I'm also nearing the end of the first draft of my novel. At this point it's less than 250 pages, but I expect it to grow a little in the latter stages.

Election

Those of you on [livejournal.com profile] montrealais's journal know that he did wonderfully on the interview this morning, coast-to-coast CTV. He's at another interview at the CBC. Canadian Heritage Minister Liza Frulla (also known as the forgotten Sailor Scout) babbled somewhat, the Conservative was terrified, and the Blocquiste didn't bother to show up.

This seems to be the pattern for this election. Martin and Harper keep coming across as idiots, and even Gilles Duceppe isn't at his best. Layton, however, is. If we keep this up, we might be able to take a lot more seats on January 23.
felis_ultharus: The Pardoner from the Canterbury Tales (Default)
A quiet day. Had a wonderful conversation with [livejournal.com profile] archdiva, and actually got 7-and-a-half pages on my novel written. One of these days, I'm going to break my record of 11 pages of fiction in a single day.
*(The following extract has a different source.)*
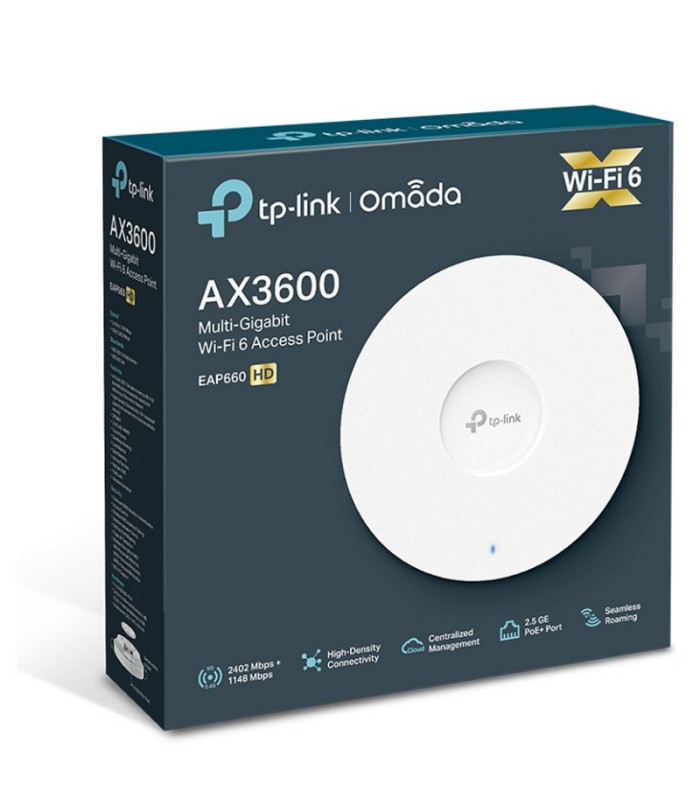 TP-Link EAP660HD AP WiFi6 AX3600 Techo Dual 1x2.5G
I don't count essays as fiction no matter how much bullshit is in them :)

I've been working on overall plan for the novel -- a plan to put on paper and stick to, which may help me avoid the complete re-writes that caused so many problems with my unsuccessful first novel. My first draft will establish the plot as a skeleton -- and I intend to keep writing no matter how many non-plot problems crop up. I'm between one-third and one-half finished this phase.

anatomy of a novel, cut for length )
felis_ultharus: The Pardoner from the Canterbury Tales (Default)
One of my courses was erased due to lack of interest (it was a course on Irish-Canadian literature without either of Canada's two best-known Irish-Canadian writers, which I thought was awfully strange). I had to replace it with (*shudder*) "New Approachs in Canadian Literature."
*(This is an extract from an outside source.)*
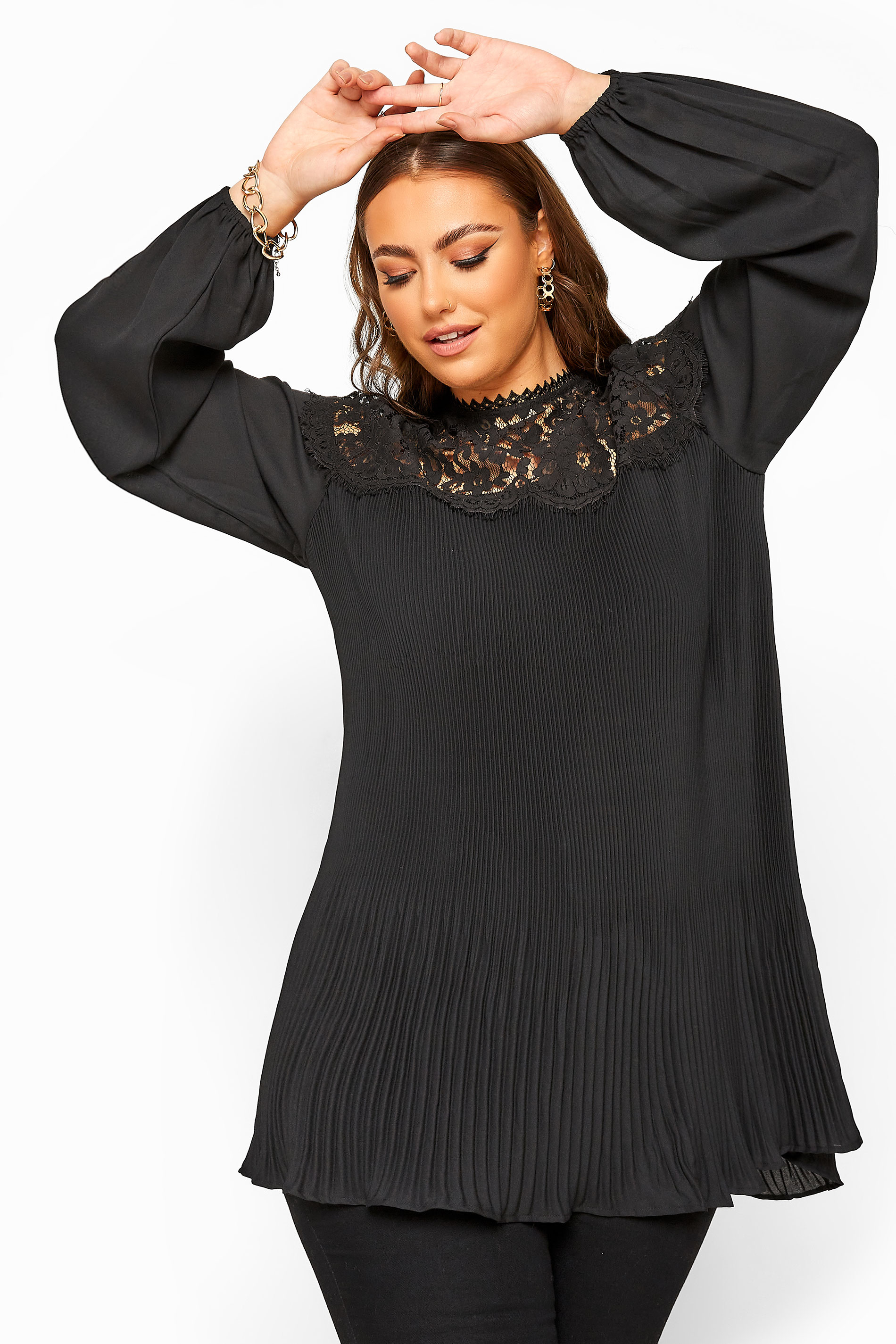 YOURS LONDON Black Lace Pleated Blouse | Yours Clothing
Which means, decoded, "The Same, Tired, Old Postmodern Bullshit Applied to Canadian Literature Because We Didn't Feel It Was Boring Enough Already."

Even poor Laura Groening, one of the last humanists left in our literature program, is throwing in Linda Hutcheon. Hutcheon is one of the better postmodernists out there, but it's still fairly dry and extremely limited.

Oh well. Three Margaret Atwoods, one of which I've read, and two Timothy Findleys, and a Mordecai Richler -- Groening's course can't too bad. Also, I notice Heart of Darkness is on the list, as an "intertext" for Findley's Headhunter. Since I've studied that thoroughly in three university courses, and pretty much have it memorized, I don't think I'll even bother to read it again this year.

As for the Postmodernism class, I know it's going to be fun in at least one way. Turns out there's going to be a component on gay literature in Canada -- and since I seem to be the only openly queer person in grad studies (forget what you've heard about the stereotypes), that'll mean three months of pointing out how all the clueless heterosexuals who write about "the queer experience" have put together something that in no way resembles my life.